Return the records below in full. Keep every word exact and skip the images.

DATA SHOWN:
• • • •

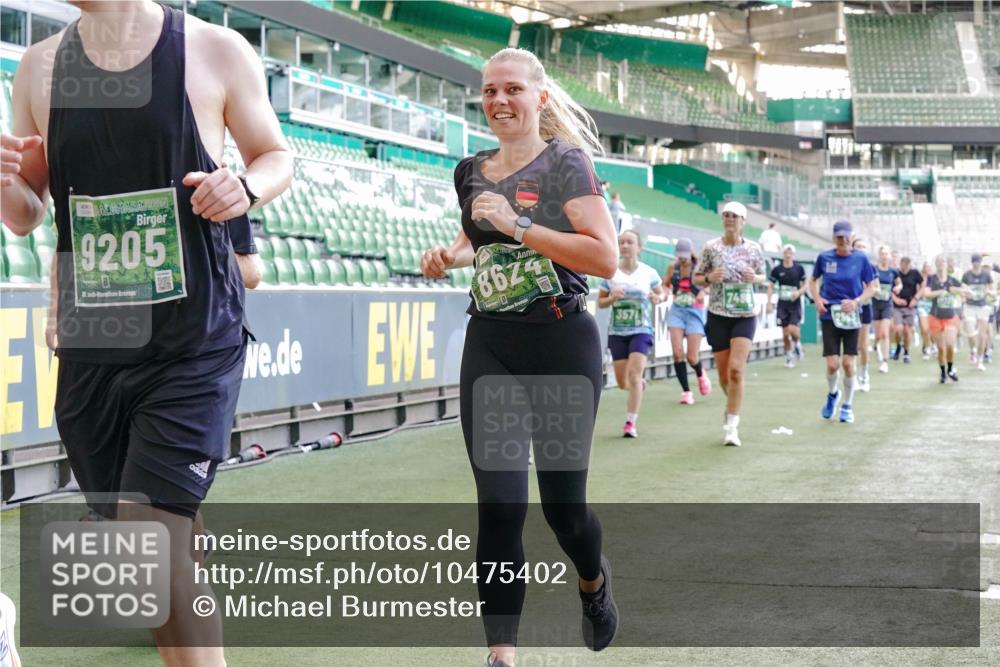 13.09.2026 - 21. swb-Marathon Bremen Michael Burmester http://msf.ph/oto/10475402 13.09.2026 13:16:31 Laufen im Stadion 134, 143, 153, 231, 263, 267, 271, 449, 588, 598, 612, 653, 990, 1057, 1185, 1312, 1465, 1539, 1813, 1825, 1874, 1987, 2013, 2067, 2218, 2235, 2259, 2351, 2359, 2363, 2381, 2385, 2386, 2468, 2484, 2532, 2550, 2562, 2579, 2586, 2655, 2664, 2667, 2678, 2698, 2760, 2778, 2783, 2797, 2799, 2821, 2846, 2859, 2874, 2958, 2974, 2996, 3001, 3075, 3104, 3133, 3157, 3165, 3185, 3195, 3213, 3237, 3265, 3314, 3331, 3366, 3382, 3387, 3479, 3486, 3501, 3506, 3512, 3670, 3829 meine-sportfotos.de
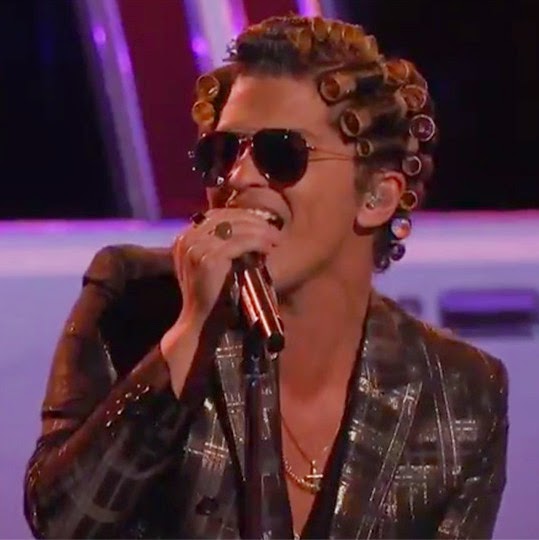 Bruno Mars & Mark Ronson rocks to ‘Uptown Funk’ on ‘The Voice’ Finale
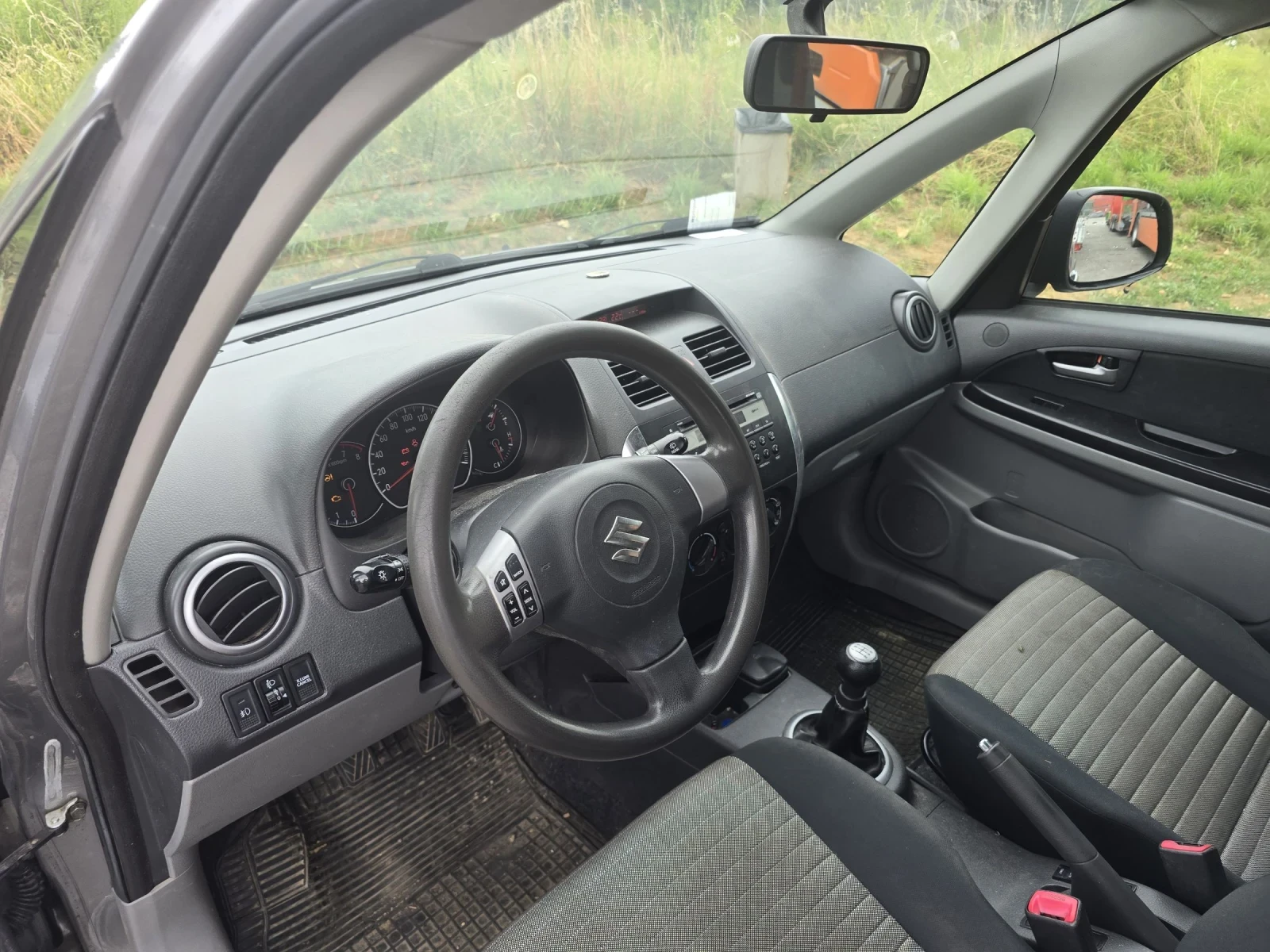 Suzuki SX4 1.6i/4x4/115000km, снимка 11 - Автомобили и джипове - 55258351
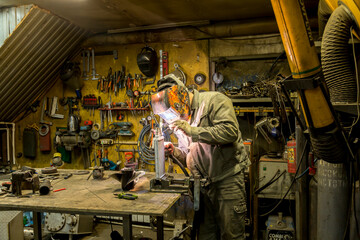 Argon arc welding aluminum radiator for car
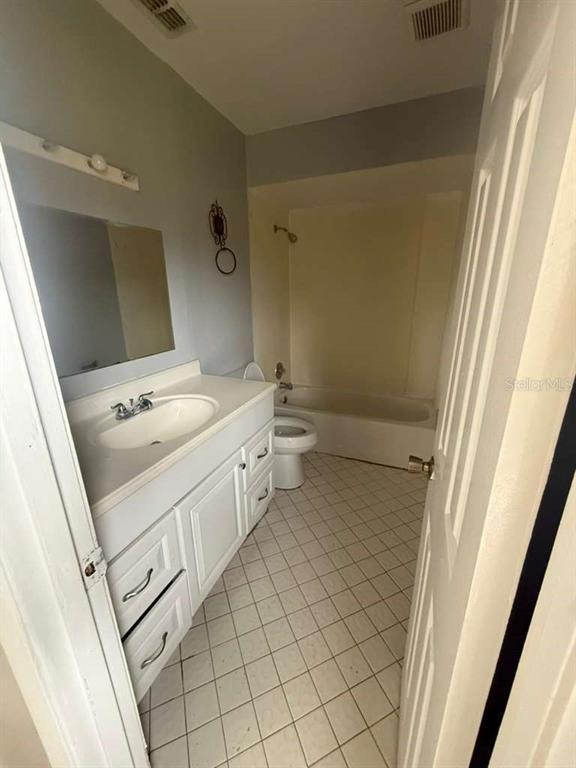 Building Photo - 5207 Via Hacienda Cir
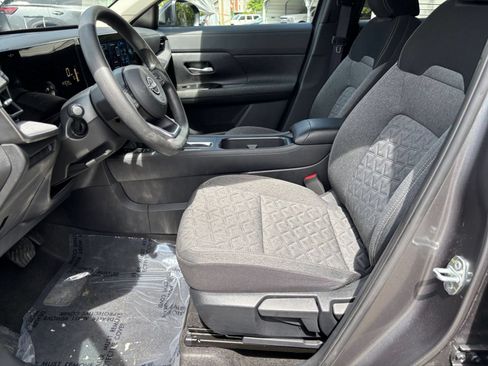 Used 2026 Nissan Kicks SV w/ Cold Weather Package FWD image 25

• • • •

WRITTEN ANSWER:
 13.09.2026 - 21. swb-Marathon Bremen Michael Burmester http://msf.ph/oto/10475402 13.09.2026 13:16:31 Laufen im Stadion 134, 143, 153, 231, 263, 267, 271, 449, 588, 598, 612, 653, 990, 1057, 1185, 1312, 1465, 1539, 1813, 1825, 1874, 1987, 2013, 2067, 2218, 2235, 2259, 2351, 2359, 2363, 2381, 2385, 2386, 2468, 2484, 2532, 2550, 2562, 2579, 2586, 2655, 2664, 2667, 2678, 2698, 2760, 2778, 2783, 2797, 2799, 2821, 2846, 2859, 2874, 2958, 2974, 2996, 3001, 3075, 3104, 3133, 3157, 3165, 3185, 3195, 3213, 3237, 3265, 3314, 3331, 3366, 3382, 3387, 3479, 3486, 3501, 3506, 3512, 3670, 3829 meine-sportfotos.de
 Bruno Mars & Mark Ronson rocks to ‘Uptown Funk’ on ‘The Voice’ Finale
 Suzuki SX4 1.6i/4x4/115000km, снимка 11 - Автомобили и джипове - 55258351
 Argon arc welding aluminum radiator for car
 Building Photo - 5207 Via Hacienda Cir
 Used 2026 Nissan Kicks SV w/ Cold Weather Package FWD image 25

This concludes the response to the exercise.